Please return all lines of the data below containing the string "Silver".

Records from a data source
BEGIN
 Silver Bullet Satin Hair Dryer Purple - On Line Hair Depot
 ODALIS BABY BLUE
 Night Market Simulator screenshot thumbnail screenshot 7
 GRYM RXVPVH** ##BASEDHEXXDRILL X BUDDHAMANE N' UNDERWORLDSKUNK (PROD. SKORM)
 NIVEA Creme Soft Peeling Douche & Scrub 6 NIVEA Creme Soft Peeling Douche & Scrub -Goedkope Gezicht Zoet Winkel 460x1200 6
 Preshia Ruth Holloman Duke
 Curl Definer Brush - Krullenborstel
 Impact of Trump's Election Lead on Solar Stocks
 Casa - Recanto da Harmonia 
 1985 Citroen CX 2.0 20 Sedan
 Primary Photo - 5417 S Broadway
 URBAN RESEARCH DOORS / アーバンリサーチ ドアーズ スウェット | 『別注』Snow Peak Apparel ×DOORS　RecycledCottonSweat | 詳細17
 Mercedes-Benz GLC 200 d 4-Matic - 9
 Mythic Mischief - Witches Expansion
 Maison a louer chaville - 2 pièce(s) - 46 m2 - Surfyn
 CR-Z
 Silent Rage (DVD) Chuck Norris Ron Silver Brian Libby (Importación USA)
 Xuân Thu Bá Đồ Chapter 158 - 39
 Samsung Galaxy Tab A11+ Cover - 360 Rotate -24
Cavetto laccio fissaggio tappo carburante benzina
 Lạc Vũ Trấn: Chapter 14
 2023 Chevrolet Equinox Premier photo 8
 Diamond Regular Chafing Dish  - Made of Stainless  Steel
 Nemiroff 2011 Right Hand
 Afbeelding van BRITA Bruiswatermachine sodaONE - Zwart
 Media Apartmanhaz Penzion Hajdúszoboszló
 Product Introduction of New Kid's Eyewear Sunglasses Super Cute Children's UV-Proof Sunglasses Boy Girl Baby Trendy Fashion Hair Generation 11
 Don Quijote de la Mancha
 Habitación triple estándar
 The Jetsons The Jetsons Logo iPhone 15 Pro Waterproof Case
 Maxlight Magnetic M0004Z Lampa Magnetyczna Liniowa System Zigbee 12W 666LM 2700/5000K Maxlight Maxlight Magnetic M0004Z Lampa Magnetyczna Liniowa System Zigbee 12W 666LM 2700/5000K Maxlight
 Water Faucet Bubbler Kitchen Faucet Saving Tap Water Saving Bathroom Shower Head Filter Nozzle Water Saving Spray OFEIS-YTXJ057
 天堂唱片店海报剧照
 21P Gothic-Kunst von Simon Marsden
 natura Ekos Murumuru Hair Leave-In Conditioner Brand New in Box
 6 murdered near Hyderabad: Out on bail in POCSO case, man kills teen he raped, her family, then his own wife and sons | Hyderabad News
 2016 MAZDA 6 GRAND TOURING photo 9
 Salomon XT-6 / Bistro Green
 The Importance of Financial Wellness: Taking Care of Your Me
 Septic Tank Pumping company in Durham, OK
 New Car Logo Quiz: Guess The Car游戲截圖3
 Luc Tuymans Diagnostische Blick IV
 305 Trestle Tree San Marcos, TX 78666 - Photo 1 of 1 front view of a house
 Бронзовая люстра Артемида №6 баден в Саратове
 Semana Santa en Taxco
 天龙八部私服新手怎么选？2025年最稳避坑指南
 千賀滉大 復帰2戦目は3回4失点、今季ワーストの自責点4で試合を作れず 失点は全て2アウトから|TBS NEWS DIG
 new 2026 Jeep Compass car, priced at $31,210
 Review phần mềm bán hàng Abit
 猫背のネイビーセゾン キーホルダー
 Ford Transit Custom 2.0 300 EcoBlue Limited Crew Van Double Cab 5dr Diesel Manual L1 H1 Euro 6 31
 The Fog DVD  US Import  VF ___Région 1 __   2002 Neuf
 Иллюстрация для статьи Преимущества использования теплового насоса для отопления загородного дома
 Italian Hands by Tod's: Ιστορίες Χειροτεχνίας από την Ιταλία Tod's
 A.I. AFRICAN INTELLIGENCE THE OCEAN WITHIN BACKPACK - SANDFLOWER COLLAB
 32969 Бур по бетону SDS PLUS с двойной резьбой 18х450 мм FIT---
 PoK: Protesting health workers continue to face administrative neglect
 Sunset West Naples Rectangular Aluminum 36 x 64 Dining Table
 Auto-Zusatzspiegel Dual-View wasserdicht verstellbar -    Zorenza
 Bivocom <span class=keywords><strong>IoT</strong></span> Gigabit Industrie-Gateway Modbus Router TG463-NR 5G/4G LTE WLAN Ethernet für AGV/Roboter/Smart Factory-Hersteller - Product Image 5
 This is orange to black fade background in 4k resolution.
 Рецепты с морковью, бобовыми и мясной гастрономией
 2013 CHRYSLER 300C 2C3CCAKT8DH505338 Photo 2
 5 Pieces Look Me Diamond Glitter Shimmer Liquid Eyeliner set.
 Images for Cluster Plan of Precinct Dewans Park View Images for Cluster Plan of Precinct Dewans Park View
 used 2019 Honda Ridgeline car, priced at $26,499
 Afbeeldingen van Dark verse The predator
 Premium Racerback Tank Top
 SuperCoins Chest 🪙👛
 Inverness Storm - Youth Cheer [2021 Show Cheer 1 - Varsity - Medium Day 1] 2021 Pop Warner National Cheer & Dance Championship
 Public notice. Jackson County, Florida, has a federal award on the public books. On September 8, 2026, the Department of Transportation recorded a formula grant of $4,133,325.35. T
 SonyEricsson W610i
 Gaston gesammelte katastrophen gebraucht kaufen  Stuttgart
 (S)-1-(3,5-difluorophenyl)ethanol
END
**Solution to the problem:**
 Silver Bullet Satin Hair Dryer Purple - On Line Hair Depot
 Silent Rage (DVD) Chuck Norris Ron Silver Brian Libby (Importación USA)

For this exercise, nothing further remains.